The Corporate Transparency Act (CTA) of 2021 will become effective from January 1, 2024. Enacted in response to the corruption exposed in the Panama Papers scandal, the CTA will bring about a significant shift in reporting obligations and transparency measures for family offices.
This insight discusses the bill, highlights key definitions and explores its implications for family offices.
What is the Corporate Transparency Act?
In an effort to fight financial crimes, the US Congress passed the Corporate Transparency Act (CTA) in 2021. The CTA Act has five main objectives:
- To establish a clear federal standard for incorporation practices.
- To safeguard critical national security interests.
- Protect interstate and foreign commerce and facilitate adequate national security, intelligence, and law enforcement.
- To combat money laundering, terrorism financing, and other illicit activities.
- To ensure compliance with international anti-money laundering and countering the financing of terrorism standards.
What is the historical background?
In 2016, the Panama Papers leak exposed the use of “shell companies” by political and business elites to hide the identity of their owners and engage in corrupt practices. Following this, the Obama administration proposed the creation of a national registry to document the actual owners of such companies, as well as other measures to combat offshore fraud and deception.
Currently, more corporations are created in the United States than in any other jurisdiction. In particular, Delaware receives over 600 new business registrations daily. That is because, in some cases, setting up a US company requires less identifying information than obtaining a library card. Congress wanted to address this issue by creating a national registry identifying the persons who own these companies or are in charge of their day-to-day operations.
In a press release, Secretary of the Treasury Janet L. Yellen expressed that the passing of the CTA “will make it harder for criminals, organised crime rings, and other illicit actors to hide their identities and launder their money through the financial system.”
What does the corporate transparency act require?
The CTA requires “Reporting Companies” with less than $5M gross receipts or sales and 20 or fewer employees to report Beneficial Ownership Information (BOI) and company applicants to the Financial Crimes Enforcement Network (FinCEN).
The Act defines a Reporting Company as any domestic or foreign corporation, LLC or similar entity registered to do business and filed with a secretary of state or other similar office and which does not fall within one of the 23 types of exempt entity types.
What is beneficial owner information (BOI)?
The CTA defines a beneficial owner as any entity or individual who, directly or indirectly, exercises substantial control over the entity or has 25% or more ownership interests in the Reporting Company. Determining what qualifies as “substantial control” depends on each case’s specific facts and circumstances.

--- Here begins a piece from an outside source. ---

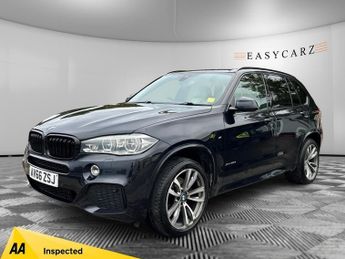 BMW X5 XDRIVE40d M SPORT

In general, the key factor is whether the person has the authority to make significant decisions on behalf of the entity. For example, even without an ownership stake, senior executives or directors can be considered beneficial owners under the CTA. There are only five instances where a person normally considered a beneficial owner may be exempt.
Who is a company applicant?
A company applicant is any individual who (a) directly files the document that creates or registers the reporting company with a secretary of state or any similar office. Or (b) is primarily responsible for directing or controlling the filing of the document.
Domestic and foreign reporting companies created before January 1st 2024, are not required to provide the names of applicants who participated in creating the company.
Implications for family offices
Many family offices formed as a corporation or LLC may be required to report with FinCEN. However, some larger family offices may be exempt (see 23 types of exempt entity types).
Additionally, the family office must disclose information if it invests in a Reporting Company. That includes whether it exercises substantial control or has a 25% ownership interest.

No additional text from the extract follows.